:: Try it ::
Skip the pictures and repeat each line of the data exactly.

:: Data segment ::
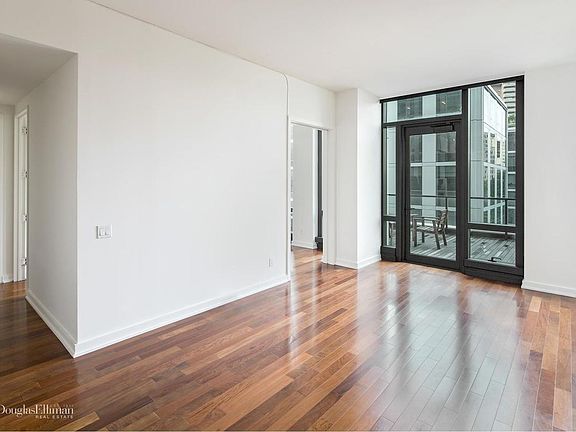5th image of 101 Warren St #550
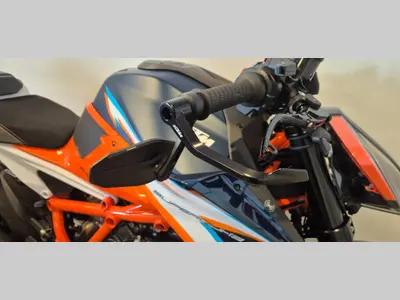 KTM 1290 SUPER DUKE RR – foto 3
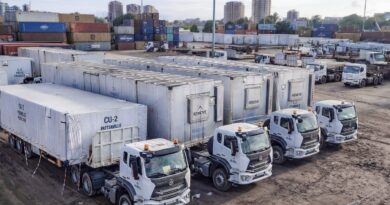 Le 9 mars 2026, Africa Global Logistics (AGL) Congo a réussi le transport par route Pointe-Noire/Brazzaville de 19 modules hors gabarit. Ces modules structurels préfabriqués sont destinés à la construction d’une infrastructure d’envergure régionale à Brazzaville. Ils mesurent entre 9 et 17 mètres de long, 3 à 4,20 mètres de haut et 3,50 à 4,50 mètres de large.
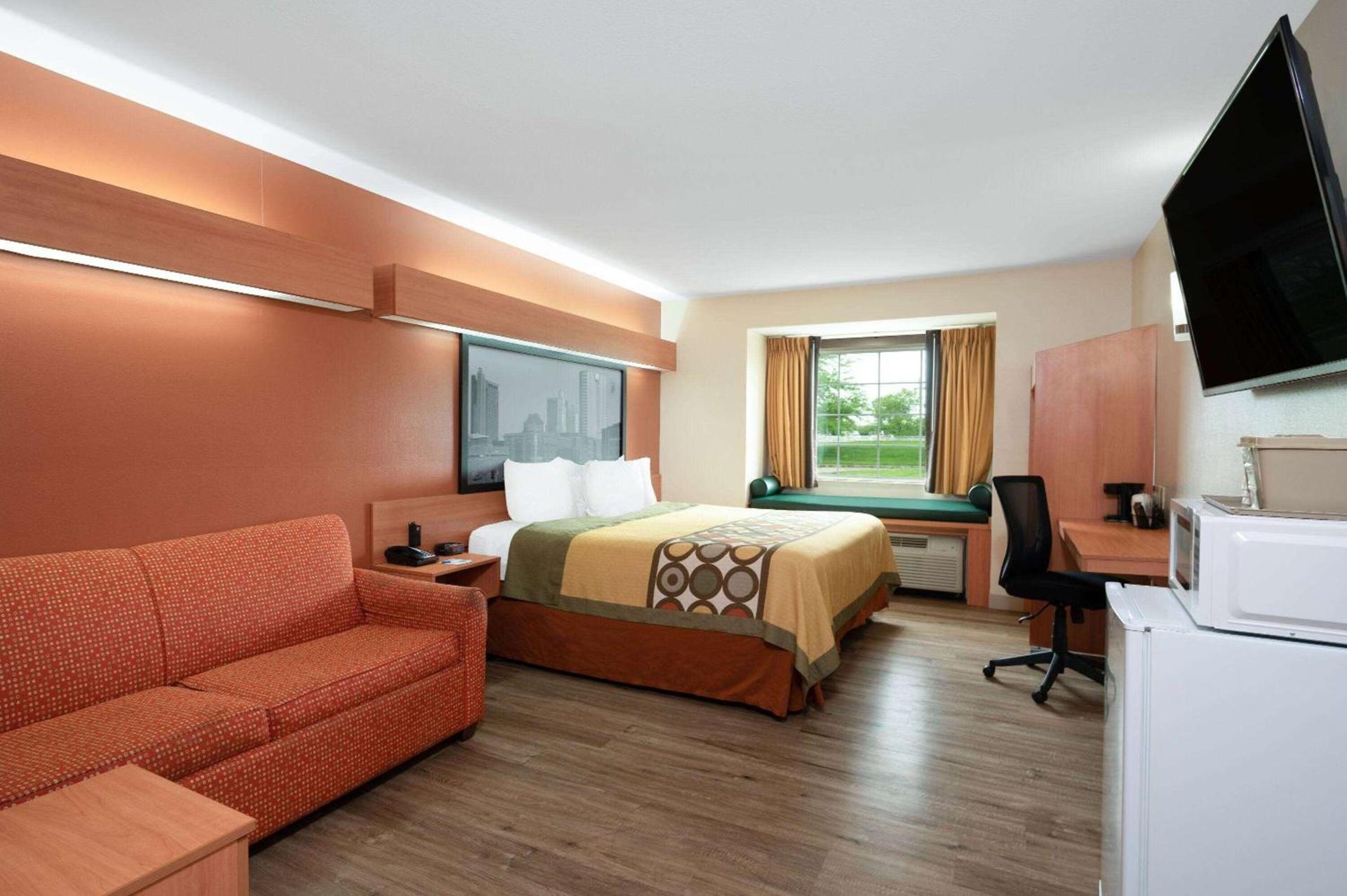 Super 8 by Wyndham Columbus West photo 11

:: Answer to this task ::
5th image of 101 Warren St #550
 KTM 1290 SUPER DUKE RR – foto 3
 Le 9 mars 2026, Africa Global Logistics (AGL) Congo a réussi le transport par route Pointe-Noire/Brazzaville de 19 modules hors gabarit. Ces modules structurels préfabriqués sont destinés à la construction d’une infrastructure d’envergure régionale à Brazzaville. Ils mesurent entre 9 et 17 mètres de long, 3 à 4,20 mètres de haut et 3,50 à 4,50 mètres de large.
 Super 8 by Wyndham Columbus West photo 11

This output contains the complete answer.